But now, a new version of the original Base class is released. Its public interface doesn’t change (and neither do its invariants) so we must expect that it doesn’t break existing code. Only it does, because now there’s a name clash with a method in a derived class.
I think the question stems from a misunderstanding:
How is it /not/ a violation of encapsulation to not allow a parent's private method to be "overridden" (ie, implemented independently, with the same signature, in a child class)
The text inside the parentheses is the opposite of the text before it. Java does allow you to “independently implement [a private method], with the same signature, in a child class”. Not allowing this would violate encapsulation, as I’ve explained above.
But “to not allow a parent's private method to be "overridden"” is something different, and necessary to ensure encapsulation.
"Do other languages (C++ or C#) have different rules on this?"
Well, C++ has different rules: the static or dynamic member function binding process and the access privileges enforcements are orthogonal.
Giving a member function the private access privilege modifier means that this function can only be called by its declaring class, not by others (not even the derived classes). When you declare a private member function as virtual, even pure virtual (virtual void foo() = 0;), you allow the base class to benefit from specialization while still enforcing the access privileges.
When it comes to virtual member functions, access privileges tells you what you are supposed to do:
private virtual means that you are allowed to specialize the behavior but the invocation of the member function is made by the base class, surely in a controlled fashion
protected virtual means that you should / must invoke the upper class version of the member function when overriding it
So, in C++, access privilege and virtualness are independent of each other. Determining whether the function is to be statically or dynamically bound is the last step in resolving a function call.
Finally, the Template Method design pattern should be preferred over public virtual member functions.
Reference: Conversations: Virtually Yours
The article gives a practical use of a private virtual member function.
ISO/IEC 14882-2003 §3.4.1
Name lookup may associate more than one declaration with a name if it finds the name to be a function name; the declarations are said to form a set of overloaded functions (13.1). Overload resolution (13.3) takes place after name lookup has succeeded. The access rules (clause 11) are considered only once name lookup and function overload resolution (if applicable) have succeeded. Only after name lookup, function overload resolution (if applicable) and access checking have succeeded are the attributes introduced by the name’s declaration used further in expression processing (clause 5).
ISO/IEC 14882-2003 §5.2.2
The function called in a member function call is normally selected according to the static type of the object expression (clause 10), but if that function isvirtualand is not specified using aqualified-idthen the function actually called will be the final overrider (10.3) of the selected function in the dynamic type of the object expression [Note: the dynamic type is the type of the object pointed or referred to by the current value of the object expression.
A parent's private method cannot be accessed or inherited by a child class, inline with principles of encapsulation.
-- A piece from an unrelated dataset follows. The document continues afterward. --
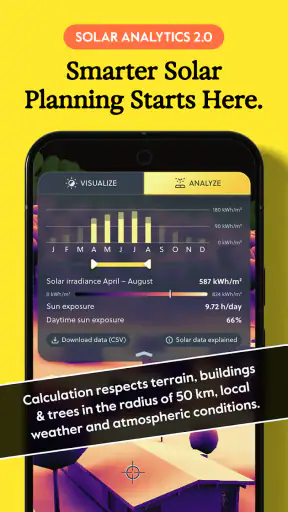 Shadowmap : Soleil & Ombre screenshot 7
It is hidden.
So, why should the child class be
restricted from implementing its own
method with the same name/signature?
There is no such restriction. You can do that without any problems, it's just not called "overriding".
Overridden methods are subject to dynamic dispatch, i.e. the method that is actually called is selected at runtime depending on the actual type of the object it's called on. With private method, that does not happen (and should not, as per your first statement). And that's what is meant by the statement "private methods can't be overridden".
I think you're misinterpreting what that post says. It's not saying that the child class is "restricted from implementing its own method with the same name/signature."
Here's the code, slightly edited:
public class PrivateOverride {
private static Test monitor = new Test();
private void f() {
System.out.println("private f()");
}
public static void main(String[] args) {
PrivateOverride po = new Derived();
po.f();
});
}
}
class Derived extends PrivateOverride {
public void f() {
System.out.println("public f()");
}
}
And the quote:
You might reasonably expect the output to be “public f( )”,
The reason for that quote is that the variable po actually holds an instance of Derived. However, since the method is defined as private, the compiler actually looks at the type of the variable, rather than the type of the object. And it translates the method call into invokespecial (I think that's the right opcode, haven't checked JVM spec) rather than invokeinstance.
It seems to be a matter of choice and definition. The reason you can't do this in java is because the specification says so, but the question were more why the specification says so.
The fact that C++ allows this (even if we use virtual keyword to force dynamic dispatch) shows that there is no inherent reason why you couldn't allow this.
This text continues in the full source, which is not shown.